E-Handbook: Security analysis principles and techniques for IT pros Article 1 of 2

Data-driven security now the name of the IT game

Data-driven security is the name of the game now.

The massive data sets our increasingly sophisticated security tools can collect are able to identify potential IT security threats and help us better secure company systems. But there's a problem: How do we identify, evaluate and act on the exact right data sets, the ones that will assist with the most significant security concerns?

At the heart of data-driven security lay those analytics methods able to sift through the information that network and security device logs produce. A security analytics platform or service gathers and analyzes data from such sources as security information and event management systems to provide visibility into potential security threats.

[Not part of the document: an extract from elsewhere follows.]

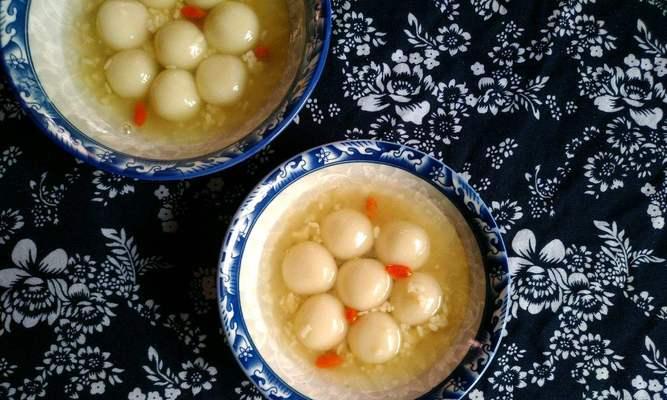 芝麻桂花汤圆的制作方法（一份甜蜜暖心的冬日美味）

Recent developments affecting security analytics include the spread of the internet of things; machine learning capabilities and automation also are making an impact. As a result, more sophisticated means are necessary to conduct data-driven security analytics. The sets of data are getting bigger by the day, making it ever harder to pick through and find the evidence of, say, a user doing something suspect. Invaluable outliers can too easily get lost in the proverbial haystack; how to handle global enterprise data sets is crucial knowledge now.

Humans are driven by many different things -- a hunger for love or acceptance, or perhaps fame or money. But nearly every human being is driven by the desire to be secure. Similarly, this continual search for security is fundamental to every aspect of IT today. Large amounts of data, filtered smartly and evaluated clearly, hold the key now. The question is how to accomplish that feat.